DATA FOR REVIEW section start
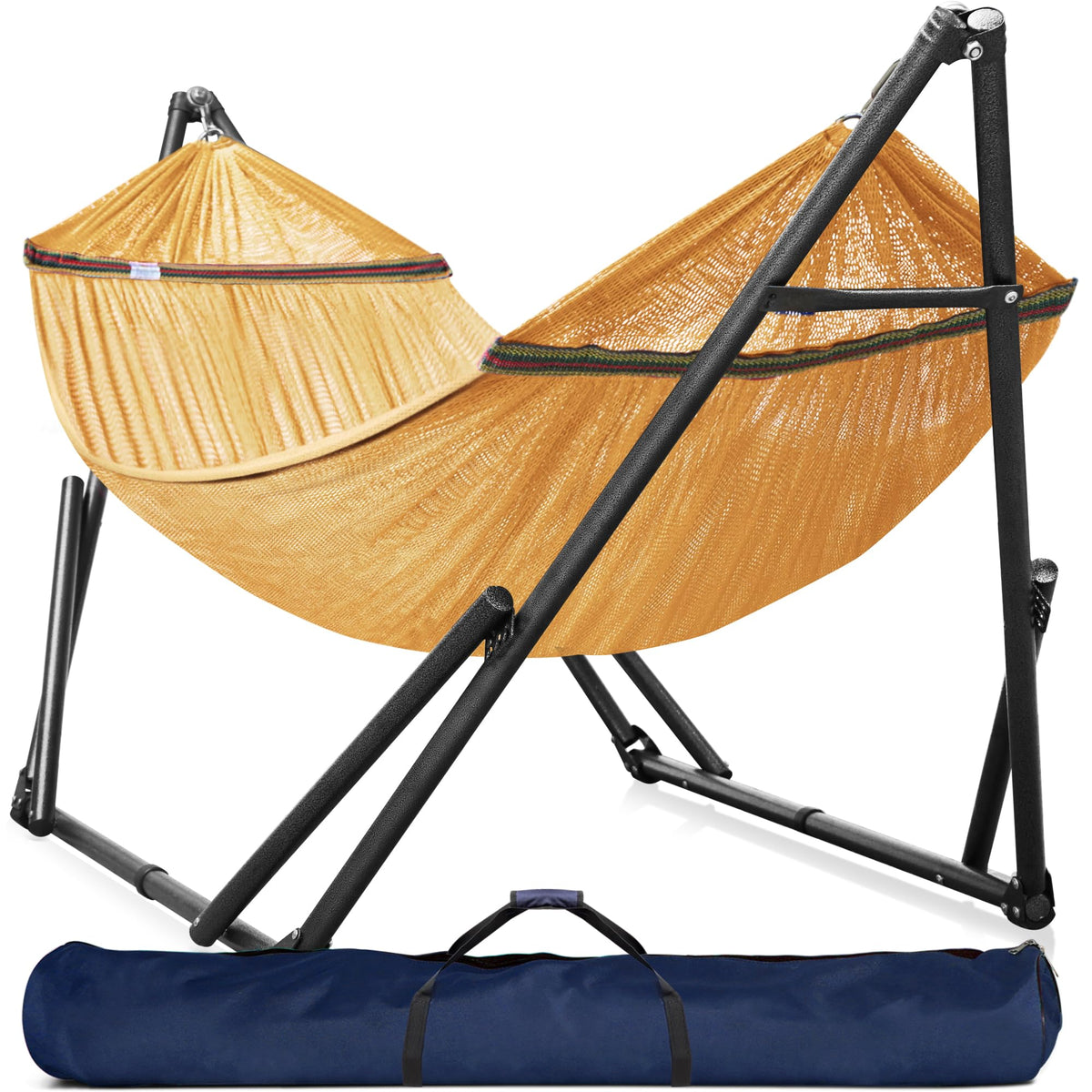 Tranquillo 600lbs Double Hammock with Stand Outdoor Indoor, Camping- Aegean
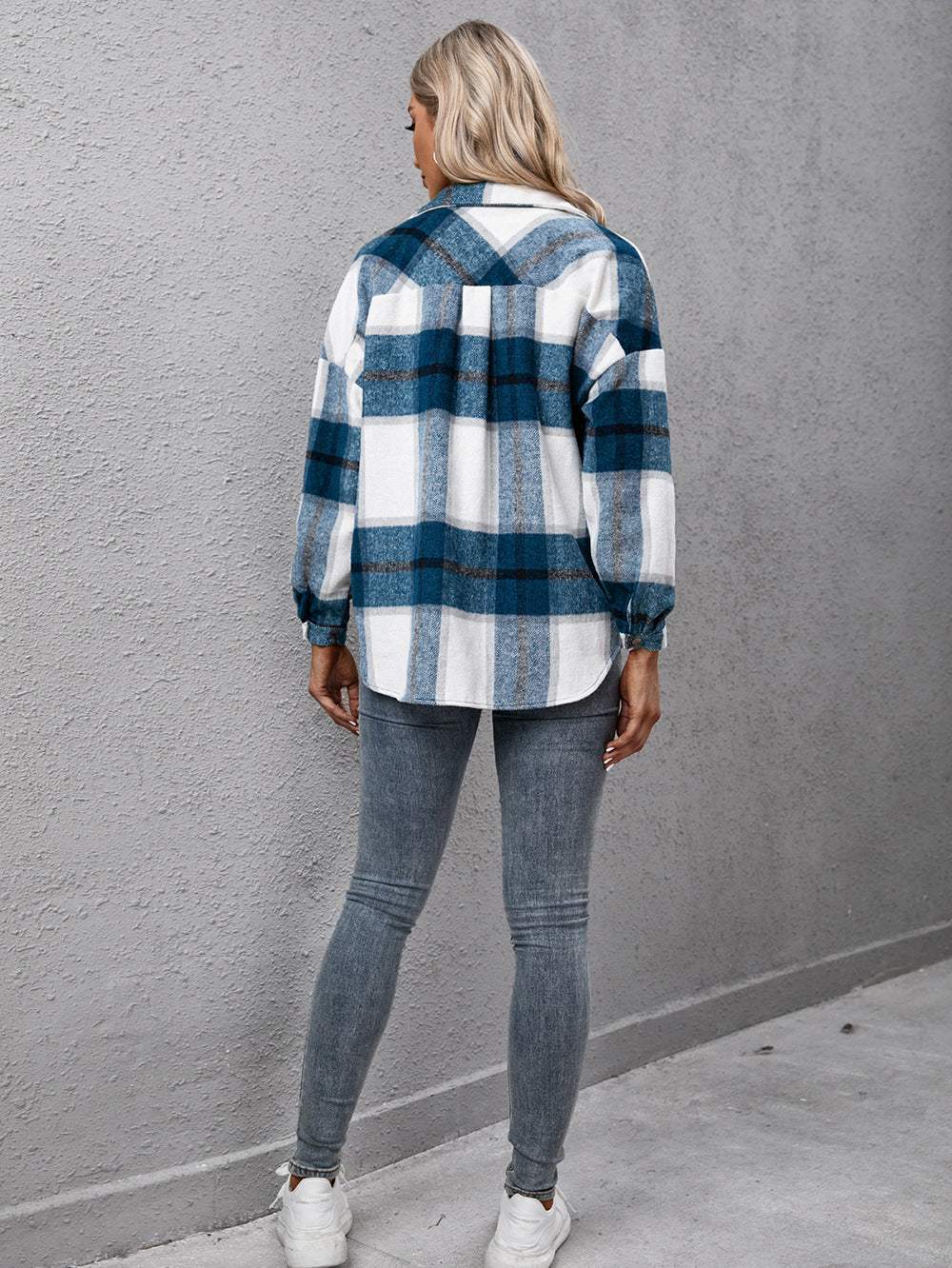 Ivy Lane Plaid Long Sleeve Shirt Jacket - Trendsi - Flyclothing LLC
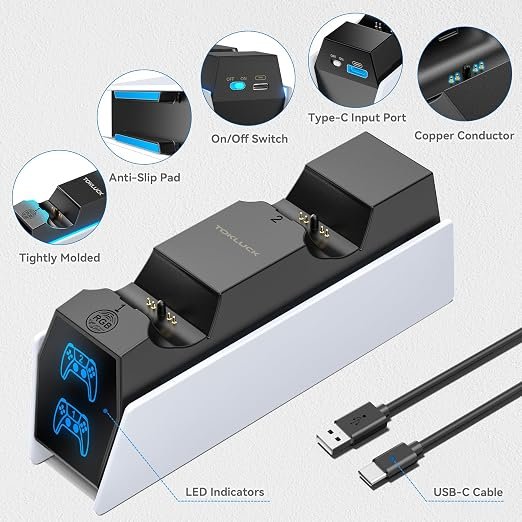 PS 5 Controller Charger Station Compatible with PlayStation 5 Edge & Dual Controller, 9 Lightings PS 5 Accessories Charging Station, PS 5 Dock Stand with LED Indicator for Playstation Consoles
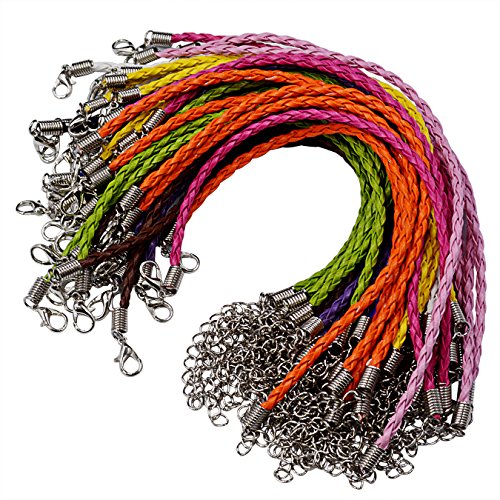 50pcs Bracelet Making Cord, Lystaii Multi Color Leather Plaited Bracelet Cords Ropes Charms with Lobster Claw Clasp for Bracelets Jewelry Making DIY Handicrafts 9.25inch Braided Ropes for Wrist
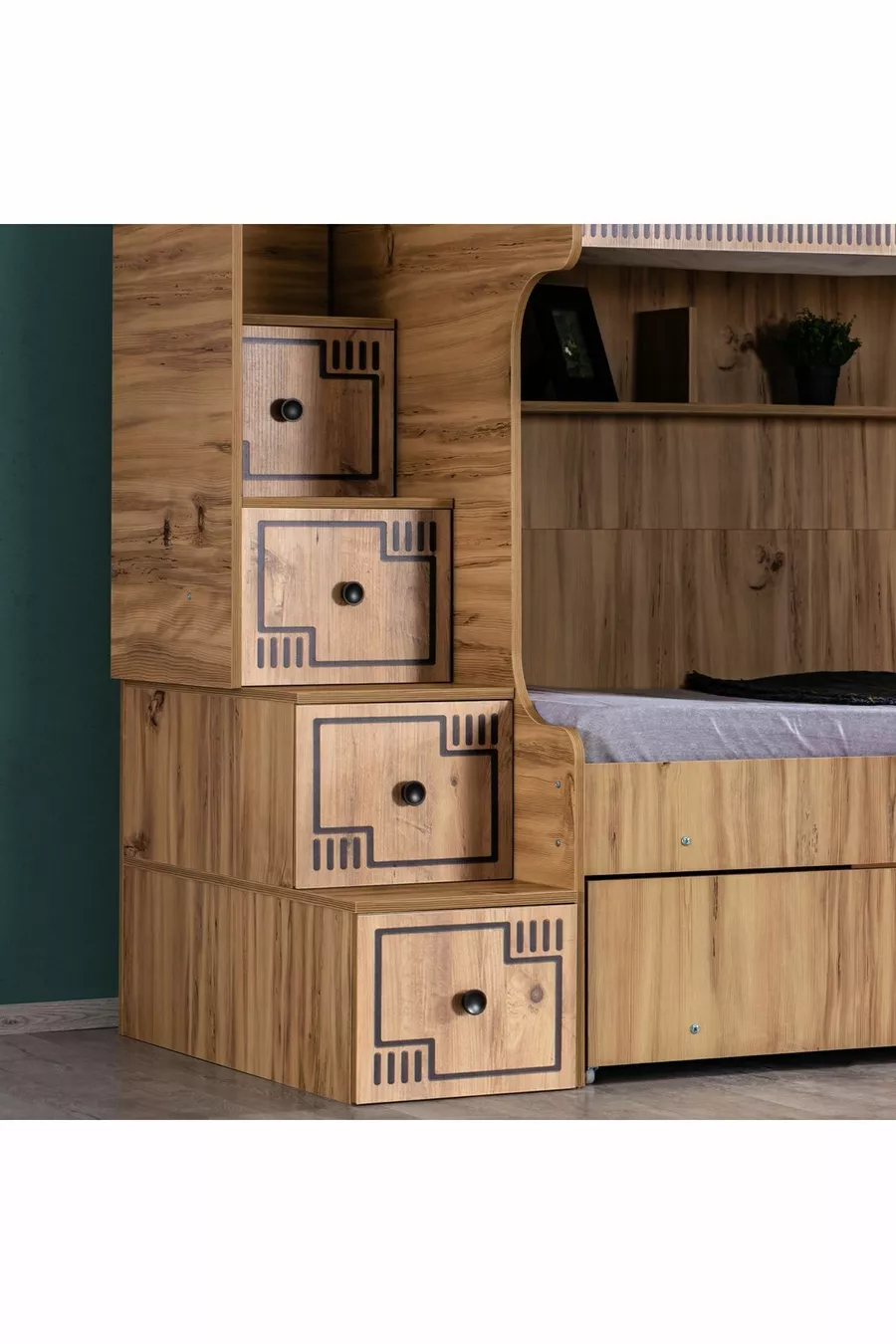 Lit superposé, lit superposé naturel avec 3 matelas confort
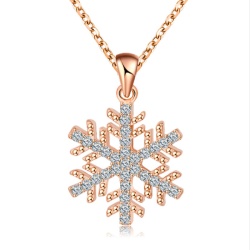 Кулон з ланцюжком Сніжинка золотистого кольору
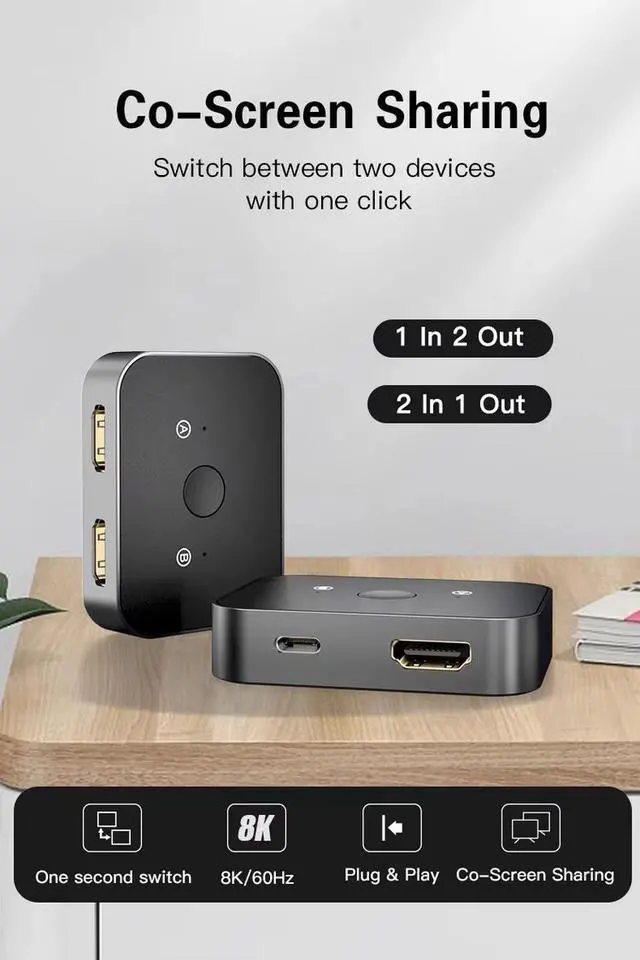Main image of HDMI Bidirectional Switch 1 in 2 Out 8K 60hz 4K 8K 144Hz USB C Hubs Docking Station 2 in 1 Out HDMI Splitter Switch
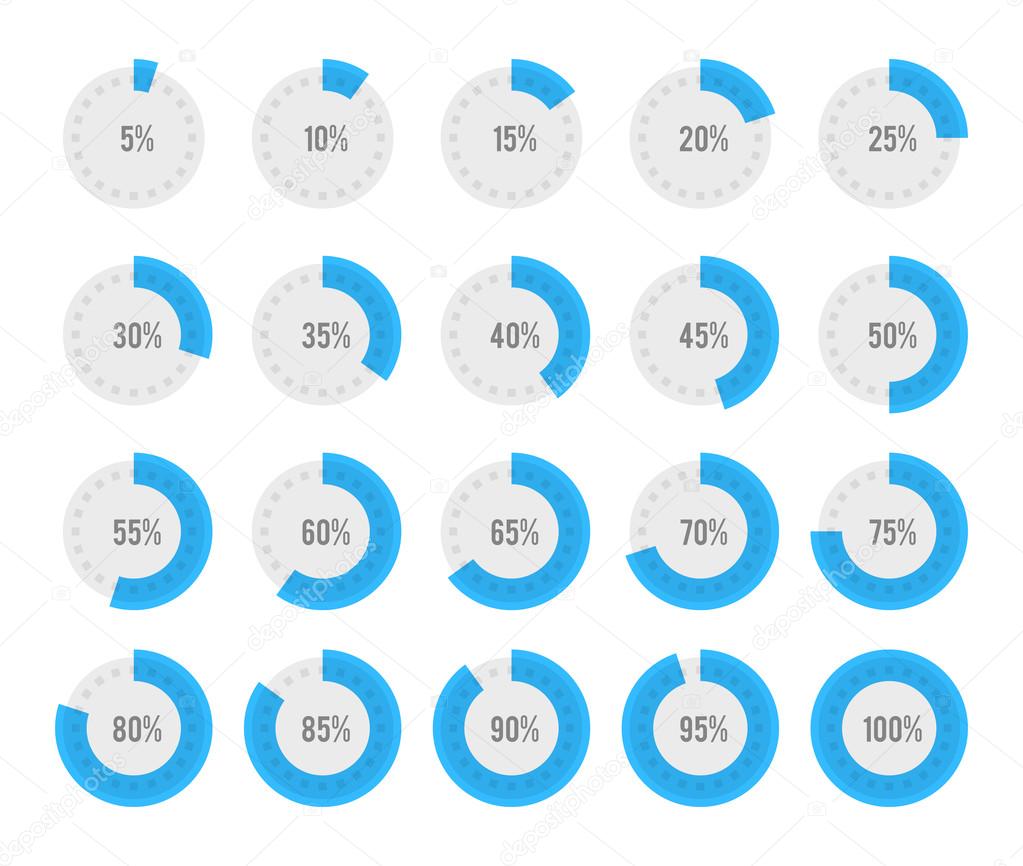 Set of circle diagrams for infographics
DATA FOR REVIEW section end
■ **WHAT IS BEING ASKED**
Return the material above in exact form. Pictures stay out.

■ **OUTPUT OF THE EXERCISE**
 Tranquillo 600lbs Double Hammock with Stand Outdoor Indoor, Camping- Aegean
 Ivy Lane Plaid Long Sleeve Shirt Jacket - Trendsi - Flyclothing LLC
 PS 5 Controller Charger Station Compatible with PlayStation 5 Edge & Dual Controller, 9 Lightings PS 5 Accessories Charging Station, PS 5 Dock Stand with LED Indicator for Playstation Consoles
 50pcs Bracelet Making Cord, Lystaii Multi Color Leather Plaited Bracelet Cords Ropes Charms with Lobster Claw Clasp for Bracelets Jewelry Making DIY Handicrafts 9.25inch Braided Ropes for Wrist
 Lit superposé, lit superposé naturel avec 3 matelas confort
 Кулон з ланцюжком Сніжинка золотистого кольору
Main image of HDMI Bidirectional Switch 1 in 2 Out 8K 60hz 4K 8K 144Hz USB C Hubs Docking Station 2 in 1 Out HDMI Splitter Switch
 Set of circle diagrams for infographics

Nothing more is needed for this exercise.